Timeloss is the Swedish band's debut reissue by Inside Out with an extended booklet and a bonus video of the song "Hypnotique". Before I played the album, I took a look in the booklet and saw they thanked bands like Opeth, Mikael Akerdeldt, Anekdoten and Katatonia amongst others. Thus, I kind of knew what to expect from this disc. With a female singer named Petronella Nettermalm (who also plays some cello) that reportedly sounds like Bjork (though I wouldn't know since I've never heard any Bjork albums) and her husband Huxflux Nettermalm behind the drums, Paatos' debut immediately reminds me of three bands: Landberk, Anekdoten, and King Crimson. I also hear a good dose of Damnation-era Opeth here. Repeated listens, however, revealed that Timeloss is more attached to the Landberk sound with more restrained guitar playing. The heavy use of mellotron blended with jazzy drumming and bass figures and slight touches of post-rock make this 39-minute disc quite enjoyable. It's very easy to listen to it; and it's this what sets it apart from bands like King Crimson and their 90's pioneers Anekdoten.
Petronella's vocals are very soft, almost fragile. She sings in a very low key and almost whispers the lyrics at some parts. Her voice fits the music excellently though. Her husband Huxflux Nettermalm is also the main songwriter, both lyrics and music, and a great drummer. His playing in the end of "Téa" (which is the name of their daughter from what I read) is very palatable. "Téa" is also a song with Swedish lyrics only but it really doesn't detract from the song, since I rarely listen to the words Petronella sings, but more to her delivery.
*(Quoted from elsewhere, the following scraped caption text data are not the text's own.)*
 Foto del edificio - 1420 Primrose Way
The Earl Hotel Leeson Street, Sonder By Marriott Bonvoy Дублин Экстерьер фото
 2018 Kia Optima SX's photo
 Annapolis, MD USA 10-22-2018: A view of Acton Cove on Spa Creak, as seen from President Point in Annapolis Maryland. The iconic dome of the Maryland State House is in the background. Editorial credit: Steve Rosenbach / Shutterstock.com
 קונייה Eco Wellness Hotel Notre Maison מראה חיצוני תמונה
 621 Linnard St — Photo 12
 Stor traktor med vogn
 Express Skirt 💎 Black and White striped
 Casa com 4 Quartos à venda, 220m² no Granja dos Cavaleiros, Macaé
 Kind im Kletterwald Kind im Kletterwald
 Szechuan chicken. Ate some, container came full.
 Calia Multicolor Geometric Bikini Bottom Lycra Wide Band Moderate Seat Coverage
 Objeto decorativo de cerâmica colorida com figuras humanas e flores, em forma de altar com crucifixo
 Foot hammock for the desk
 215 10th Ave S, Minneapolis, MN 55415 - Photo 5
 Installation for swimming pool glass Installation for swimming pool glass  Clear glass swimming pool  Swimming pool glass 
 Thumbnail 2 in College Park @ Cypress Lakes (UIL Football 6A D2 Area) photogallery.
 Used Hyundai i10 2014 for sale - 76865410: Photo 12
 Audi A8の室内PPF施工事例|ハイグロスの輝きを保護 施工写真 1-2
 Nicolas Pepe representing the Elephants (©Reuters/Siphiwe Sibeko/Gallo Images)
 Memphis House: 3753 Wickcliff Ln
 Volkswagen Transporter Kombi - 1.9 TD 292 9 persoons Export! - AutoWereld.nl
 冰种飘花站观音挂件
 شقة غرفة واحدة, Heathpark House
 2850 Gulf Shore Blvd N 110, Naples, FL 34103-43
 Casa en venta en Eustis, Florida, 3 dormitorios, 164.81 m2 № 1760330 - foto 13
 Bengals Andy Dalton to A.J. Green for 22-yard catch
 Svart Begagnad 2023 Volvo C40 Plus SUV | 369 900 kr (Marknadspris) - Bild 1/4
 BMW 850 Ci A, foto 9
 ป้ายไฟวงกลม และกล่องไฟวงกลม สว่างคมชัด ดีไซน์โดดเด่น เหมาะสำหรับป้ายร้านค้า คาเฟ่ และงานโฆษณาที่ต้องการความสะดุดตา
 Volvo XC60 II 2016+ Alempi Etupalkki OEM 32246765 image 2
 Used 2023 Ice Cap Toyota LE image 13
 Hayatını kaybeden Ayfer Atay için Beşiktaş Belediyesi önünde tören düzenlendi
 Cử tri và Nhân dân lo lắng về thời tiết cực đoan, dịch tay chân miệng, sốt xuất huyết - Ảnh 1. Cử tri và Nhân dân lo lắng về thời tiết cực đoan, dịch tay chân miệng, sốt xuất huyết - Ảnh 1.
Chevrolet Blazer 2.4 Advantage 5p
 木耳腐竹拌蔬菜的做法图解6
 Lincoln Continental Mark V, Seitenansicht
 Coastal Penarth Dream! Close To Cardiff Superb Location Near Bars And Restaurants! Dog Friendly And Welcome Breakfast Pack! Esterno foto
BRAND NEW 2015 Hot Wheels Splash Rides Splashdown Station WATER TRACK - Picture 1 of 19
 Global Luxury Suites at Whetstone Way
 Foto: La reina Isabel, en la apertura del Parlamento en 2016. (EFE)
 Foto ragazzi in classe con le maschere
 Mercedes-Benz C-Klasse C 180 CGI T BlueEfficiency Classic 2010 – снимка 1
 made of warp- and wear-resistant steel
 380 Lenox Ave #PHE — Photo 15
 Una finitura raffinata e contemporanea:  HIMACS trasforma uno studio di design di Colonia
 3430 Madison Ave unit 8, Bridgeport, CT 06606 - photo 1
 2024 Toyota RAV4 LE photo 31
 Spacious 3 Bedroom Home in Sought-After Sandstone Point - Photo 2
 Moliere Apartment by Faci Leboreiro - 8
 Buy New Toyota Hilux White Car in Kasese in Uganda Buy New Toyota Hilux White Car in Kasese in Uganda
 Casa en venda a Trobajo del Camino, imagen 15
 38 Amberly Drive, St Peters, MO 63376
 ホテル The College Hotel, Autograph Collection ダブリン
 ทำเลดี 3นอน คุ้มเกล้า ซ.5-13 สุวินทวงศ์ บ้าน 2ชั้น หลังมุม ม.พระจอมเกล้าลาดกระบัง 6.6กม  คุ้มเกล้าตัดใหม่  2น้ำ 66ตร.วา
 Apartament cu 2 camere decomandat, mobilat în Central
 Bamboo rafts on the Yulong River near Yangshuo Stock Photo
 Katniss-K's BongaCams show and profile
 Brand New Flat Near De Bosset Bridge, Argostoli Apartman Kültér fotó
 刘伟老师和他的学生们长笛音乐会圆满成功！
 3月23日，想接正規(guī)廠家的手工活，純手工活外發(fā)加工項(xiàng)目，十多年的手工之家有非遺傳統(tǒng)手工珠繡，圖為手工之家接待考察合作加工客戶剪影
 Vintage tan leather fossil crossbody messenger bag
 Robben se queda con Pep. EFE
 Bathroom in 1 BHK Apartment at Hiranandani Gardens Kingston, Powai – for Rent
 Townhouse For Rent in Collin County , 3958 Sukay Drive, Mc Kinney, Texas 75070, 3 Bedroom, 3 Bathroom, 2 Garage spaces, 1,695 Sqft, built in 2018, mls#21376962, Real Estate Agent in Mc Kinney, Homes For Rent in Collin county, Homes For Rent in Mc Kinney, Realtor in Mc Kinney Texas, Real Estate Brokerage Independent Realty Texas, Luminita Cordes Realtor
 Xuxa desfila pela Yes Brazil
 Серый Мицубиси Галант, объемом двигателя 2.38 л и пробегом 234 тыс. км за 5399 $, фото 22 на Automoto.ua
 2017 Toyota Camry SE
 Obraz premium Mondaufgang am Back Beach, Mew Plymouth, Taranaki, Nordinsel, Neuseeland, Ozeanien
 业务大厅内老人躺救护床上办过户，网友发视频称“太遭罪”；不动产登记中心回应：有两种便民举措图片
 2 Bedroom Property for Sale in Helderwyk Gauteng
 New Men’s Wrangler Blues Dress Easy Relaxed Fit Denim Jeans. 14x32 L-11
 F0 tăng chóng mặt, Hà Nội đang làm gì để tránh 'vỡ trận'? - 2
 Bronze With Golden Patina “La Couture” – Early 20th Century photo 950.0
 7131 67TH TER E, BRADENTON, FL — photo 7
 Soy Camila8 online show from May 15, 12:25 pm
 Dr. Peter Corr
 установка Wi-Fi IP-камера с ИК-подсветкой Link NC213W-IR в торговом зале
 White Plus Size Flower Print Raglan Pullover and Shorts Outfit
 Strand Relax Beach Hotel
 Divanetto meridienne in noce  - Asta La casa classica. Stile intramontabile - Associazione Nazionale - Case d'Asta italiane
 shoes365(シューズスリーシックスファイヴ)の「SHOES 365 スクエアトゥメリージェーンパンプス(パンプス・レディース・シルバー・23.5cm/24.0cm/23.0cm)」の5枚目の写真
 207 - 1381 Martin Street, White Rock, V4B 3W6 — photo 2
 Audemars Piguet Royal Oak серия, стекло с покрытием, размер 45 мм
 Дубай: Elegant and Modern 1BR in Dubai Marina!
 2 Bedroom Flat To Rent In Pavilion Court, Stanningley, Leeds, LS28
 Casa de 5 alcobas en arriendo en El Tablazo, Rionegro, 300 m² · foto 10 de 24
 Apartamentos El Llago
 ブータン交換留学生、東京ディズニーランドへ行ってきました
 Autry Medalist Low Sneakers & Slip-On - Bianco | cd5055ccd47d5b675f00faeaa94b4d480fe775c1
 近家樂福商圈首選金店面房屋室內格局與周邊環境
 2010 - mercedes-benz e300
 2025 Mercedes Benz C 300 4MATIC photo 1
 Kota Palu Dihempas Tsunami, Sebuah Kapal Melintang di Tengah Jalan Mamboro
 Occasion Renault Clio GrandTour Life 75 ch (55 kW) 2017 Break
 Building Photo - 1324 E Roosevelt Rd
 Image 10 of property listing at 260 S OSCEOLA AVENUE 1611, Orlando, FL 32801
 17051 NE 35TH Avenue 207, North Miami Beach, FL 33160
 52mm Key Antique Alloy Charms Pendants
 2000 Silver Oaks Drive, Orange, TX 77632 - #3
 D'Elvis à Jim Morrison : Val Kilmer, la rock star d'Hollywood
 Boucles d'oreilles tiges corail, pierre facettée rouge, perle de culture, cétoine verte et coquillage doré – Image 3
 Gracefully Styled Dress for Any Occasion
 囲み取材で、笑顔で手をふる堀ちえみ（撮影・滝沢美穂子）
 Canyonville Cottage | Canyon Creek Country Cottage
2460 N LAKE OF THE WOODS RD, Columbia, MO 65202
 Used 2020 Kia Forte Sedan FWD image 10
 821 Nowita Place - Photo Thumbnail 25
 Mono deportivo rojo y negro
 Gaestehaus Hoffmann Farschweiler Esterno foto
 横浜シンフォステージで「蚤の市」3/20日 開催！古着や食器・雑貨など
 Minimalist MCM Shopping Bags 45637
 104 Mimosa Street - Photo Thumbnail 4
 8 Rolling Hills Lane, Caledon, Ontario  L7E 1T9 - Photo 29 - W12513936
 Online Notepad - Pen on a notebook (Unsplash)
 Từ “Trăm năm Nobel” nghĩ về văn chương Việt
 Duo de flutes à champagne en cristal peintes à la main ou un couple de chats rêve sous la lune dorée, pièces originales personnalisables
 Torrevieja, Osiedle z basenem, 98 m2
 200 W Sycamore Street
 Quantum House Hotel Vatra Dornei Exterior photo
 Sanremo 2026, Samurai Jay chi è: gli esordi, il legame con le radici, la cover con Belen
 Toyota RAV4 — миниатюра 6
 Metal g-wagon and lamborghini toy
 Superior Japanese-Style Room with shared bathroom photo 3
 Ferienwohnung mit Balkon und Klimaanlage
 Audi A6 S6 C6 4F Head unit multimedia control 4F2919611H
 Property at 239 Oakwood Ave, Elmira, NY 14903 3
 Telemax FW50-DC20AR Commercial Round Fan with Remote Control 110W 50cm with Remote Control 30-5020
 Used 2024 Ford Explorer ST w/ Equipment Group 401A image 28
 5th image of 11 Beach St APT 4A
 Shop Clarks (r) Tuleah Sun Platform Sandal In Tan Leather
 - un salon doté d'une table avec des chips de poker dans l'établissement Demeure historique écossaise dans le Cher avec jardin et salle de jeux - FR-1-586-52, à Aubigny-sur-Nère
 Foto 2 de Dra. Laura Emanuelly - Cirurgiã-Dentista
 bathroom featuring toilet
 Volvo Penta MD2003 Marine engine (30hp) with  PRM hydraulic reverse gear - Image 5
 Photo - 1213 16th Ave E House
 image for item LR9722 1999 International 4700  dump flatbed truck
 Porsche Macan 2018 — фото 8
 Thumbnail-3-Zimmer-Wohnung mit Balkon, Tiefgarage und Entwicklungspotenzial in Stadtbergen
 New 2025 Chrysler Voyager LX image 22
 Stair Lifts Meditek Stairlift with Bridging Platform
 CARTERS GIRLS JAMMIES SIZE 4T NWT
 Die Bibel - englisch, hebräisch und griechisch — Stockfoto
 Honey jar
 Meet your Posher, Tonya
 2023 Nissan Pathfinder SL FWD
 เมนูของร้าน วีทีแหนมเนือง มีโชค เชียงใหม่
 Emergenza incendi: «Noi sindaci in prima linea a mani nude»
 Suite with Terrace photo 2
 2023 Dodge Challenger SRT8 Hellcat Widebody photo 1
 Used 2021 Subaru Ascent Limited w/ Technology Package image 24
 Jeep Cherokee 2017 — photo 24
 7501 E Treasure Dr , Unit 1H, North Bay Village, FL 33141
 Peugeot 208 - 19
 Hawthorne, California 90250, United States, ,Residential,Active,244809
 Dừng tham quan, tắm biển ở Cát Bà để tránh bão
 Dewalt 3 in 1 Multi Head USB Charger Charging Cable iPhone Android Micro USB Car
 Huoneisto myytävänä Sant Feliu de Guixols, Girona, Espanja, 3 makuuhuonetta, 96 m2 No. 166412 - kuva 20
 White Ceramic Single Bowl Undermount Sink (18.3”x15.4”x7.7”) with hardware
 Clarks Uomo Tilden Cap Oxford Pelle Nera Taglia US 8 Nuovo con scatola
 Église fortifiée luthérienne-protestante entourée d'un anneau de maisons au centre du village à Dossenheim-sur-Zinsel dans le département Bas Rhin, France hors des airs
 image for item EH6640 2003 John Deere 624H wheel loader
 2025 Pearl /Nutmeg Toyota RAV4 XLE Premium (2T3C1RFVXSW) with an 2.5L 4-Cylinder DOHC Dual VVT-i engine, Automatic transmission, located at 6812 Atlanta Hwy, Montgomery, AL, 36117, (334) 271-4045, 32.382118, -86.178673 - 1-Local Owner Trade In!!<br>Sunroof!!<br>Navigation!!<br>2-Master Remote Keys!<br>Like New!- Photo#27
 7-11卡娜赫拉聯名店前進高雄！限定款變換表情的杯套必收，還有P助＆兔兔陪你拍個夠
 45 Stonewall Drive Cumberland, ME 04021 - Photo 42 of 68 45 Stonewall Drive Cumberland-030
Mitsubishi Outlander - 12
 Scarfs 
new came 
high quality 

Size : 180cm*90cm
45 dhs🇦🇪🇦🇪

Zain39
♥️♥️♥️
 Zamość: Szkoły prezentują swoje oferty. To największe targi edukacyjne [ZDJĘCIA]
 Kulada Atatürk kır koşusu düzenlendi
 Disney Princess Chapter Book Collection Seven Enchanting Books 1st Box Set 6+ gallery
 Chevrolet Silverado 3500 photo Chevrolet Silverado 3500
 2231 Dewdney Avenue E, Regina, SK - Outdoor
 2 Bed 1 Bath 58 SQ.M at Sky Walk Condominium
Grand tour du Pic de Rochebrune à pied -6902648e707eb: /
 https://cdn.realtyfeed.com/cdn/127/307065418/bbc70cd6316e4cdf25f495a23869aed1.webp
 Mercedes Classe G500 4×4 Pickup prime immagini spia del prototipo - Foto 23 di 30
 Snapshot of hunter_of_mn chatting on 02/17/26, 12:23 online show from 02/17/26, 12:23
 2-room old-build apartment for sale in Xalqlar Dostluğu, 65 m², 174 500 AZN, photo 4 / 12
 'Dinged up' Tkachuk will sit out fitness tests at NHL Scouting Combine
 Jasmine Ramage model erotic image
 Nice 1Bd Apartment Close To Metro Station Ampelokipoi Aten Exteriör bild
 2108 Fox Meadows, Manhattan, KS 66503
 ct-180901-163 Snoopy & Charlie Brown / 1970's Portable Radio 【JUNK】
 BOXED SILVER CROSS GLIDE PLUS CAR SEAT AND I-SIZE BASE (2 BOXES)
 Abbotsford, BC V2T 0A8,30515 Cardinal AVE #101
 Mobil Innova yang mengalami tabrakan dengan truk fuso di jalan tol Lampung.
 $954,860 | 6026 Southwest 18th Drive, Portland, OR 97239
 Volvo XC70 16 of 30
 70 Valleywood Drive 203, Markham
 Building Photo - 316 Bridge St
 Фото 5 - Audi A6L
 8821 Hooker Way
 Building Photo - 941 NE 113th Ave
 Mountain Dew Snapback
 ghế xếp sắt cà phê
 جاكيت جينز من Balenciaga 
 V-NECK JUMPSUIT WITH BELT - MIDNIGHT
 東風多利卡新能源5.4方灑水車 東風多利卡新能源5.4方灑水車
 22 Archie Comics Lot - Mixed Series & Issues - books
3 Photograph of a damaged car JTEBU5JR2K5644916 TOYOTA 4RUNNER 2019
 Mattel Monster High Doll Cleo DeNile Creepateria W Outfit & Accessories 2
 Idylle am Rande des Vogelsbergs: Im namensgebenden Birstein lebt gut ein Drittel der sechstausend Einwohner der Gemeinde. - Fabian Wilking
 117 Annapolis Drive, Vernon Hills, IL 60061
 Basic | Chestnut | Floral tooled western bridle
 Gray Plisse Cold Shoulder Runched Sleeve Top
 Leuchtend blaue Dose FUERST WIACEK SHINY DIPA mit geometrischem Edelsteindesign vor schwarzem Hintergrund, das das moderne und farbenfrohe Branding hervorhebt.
Former Landberk guitarist Reine Fiske plays sparse, delicate guitar notes reminiscent of 70's German bands. The guitar playing is rather controlled though, as the music on Timeloss is more mellotron-heavy. The symphonic keys on "Hypnotique" mixed with avant-jazz drums and Petronella's cello are really beautiful. Fans of Paatos should give Steven Wilson's Blackfield project a listen if they like this track (except that Blackfield is a lot more progressive). The clarinet-supported "They Are Beautiful" bathes in seas of mellotron soundscapes created by Johan Wallen who also plays the piano, hammond and synthesizers. His electric piano on the 12-minute number "Quits" is one of the most exciting moments on this disc. It strangely reminds me of Pain of Salvation's frenzied keyboard intro on "Inside".
The last song "Quits" is the most modern sounding tune. It features programmed drumming with strange beats and loops. The song delves into a jazzy experimental section with the addition of saxophone, trumpet and trombone in its second half. Nordic folk elements abound the composition secretly revealing the band's Scandinavian roots. I've been playing this for nearly three months and now it's time to pick up the follow-up, Kallocain, produced by one of the most talented musicians around, Steven Wilson.